*Raw data:*
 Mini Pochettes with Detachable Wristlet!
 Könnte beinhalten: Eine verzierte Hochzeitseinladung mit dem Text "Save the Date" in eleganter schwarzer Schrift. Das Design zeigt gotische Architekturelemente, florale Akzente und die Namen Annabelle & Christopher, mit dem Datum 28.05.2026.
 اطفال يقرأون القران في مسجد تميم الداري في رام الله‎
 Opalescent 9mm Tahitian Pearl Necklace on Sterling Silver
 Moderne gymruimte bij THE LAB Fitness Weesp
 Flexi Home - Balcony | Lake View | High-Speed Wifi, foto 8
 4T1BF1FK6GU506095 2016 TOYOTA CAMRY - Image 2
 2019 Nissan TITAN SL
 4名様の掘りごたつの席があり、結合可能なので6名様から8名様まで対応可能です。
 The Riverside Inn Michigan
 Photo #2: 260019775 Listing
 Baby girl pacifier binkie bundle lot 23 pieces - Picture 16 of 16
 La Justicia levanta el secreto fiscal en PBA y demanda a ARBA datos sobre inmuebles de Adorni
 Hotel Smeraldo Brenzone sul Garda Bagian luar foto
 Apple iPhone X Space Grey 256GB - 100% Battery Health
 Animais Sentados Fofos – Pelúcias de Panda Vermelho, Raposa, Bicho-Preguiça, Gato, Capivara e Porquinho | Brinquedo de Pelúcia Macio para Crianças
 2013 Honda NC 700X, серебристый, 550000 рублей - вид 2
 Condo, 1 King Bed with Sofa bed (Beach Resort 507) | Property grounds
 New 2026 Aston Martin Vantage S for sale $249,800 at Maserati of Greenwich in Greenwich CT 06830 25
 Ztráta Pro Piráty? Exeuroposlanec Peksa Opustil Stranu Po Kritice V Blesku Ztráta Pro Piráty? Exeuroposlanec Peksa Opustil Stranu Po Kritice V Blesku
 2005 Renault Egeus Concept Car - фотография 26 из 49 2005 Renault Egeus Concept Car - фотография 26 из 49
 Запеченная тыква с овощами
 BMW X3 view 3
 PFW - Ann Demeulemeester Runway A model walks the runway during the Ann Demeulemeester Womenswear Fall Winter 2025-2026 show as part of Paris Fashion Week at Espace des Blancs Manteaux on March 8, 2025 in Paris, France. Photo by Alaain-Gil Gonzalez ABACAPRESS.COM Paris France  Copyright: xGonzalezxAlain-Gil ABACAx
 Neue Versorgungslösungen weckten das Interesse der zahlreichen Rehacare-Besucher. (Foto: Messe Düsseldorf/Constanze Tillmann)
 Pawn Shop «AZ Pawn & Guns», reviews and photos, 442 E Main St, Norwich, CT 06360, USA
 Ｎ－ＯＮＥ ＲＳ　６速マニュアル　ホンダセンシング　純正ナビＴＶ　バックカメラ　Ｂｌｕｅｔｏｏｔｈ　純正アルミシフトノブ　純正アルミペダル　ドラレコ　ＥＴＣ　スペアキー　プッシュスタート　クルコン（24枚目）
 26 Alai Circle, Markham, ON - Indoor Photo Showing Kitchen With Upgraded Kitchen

*Task to complete:* Print only the lines that run from the start of the listing to the line bearing "4名様の掘りごたつの席があり、結合可能なので6名様から8名様まで対応可能です。"; please keep the first line and that last one, exactly as they appear.

*Exercise response:*
 Mini Pochettes with Detachable Wristlet!
 Könnte beinhalten: Eine verzierte Hochzeitseinladung mit dem Text "Save the Date" in eleganter schwarzer Schrift. Das Design zeigt gotische Architekturelemente, florale Akzente und die Namen Annabelle & Christopher, mit dem Datum 28.05.2026.
 اطفال يقرأون القران في مسجد تميم الداري في رام الله‎
 Opalescent 9mm Tahitian Pearl Necklace on Sterling Silver
 Moderne gymruimte bij THE LAB Fitness Weesp
 Flexi Home - Balcony | Lake View | High-Speed Wifi, foto 8
 4T1BF1FK6GU506095 2016 TOYOTA CAMRY - Image 2
 2019 Nissan TITAN SL
 4名様の掘りごたつの席があり、結合可能なので6名様から8名様まで対応可能です。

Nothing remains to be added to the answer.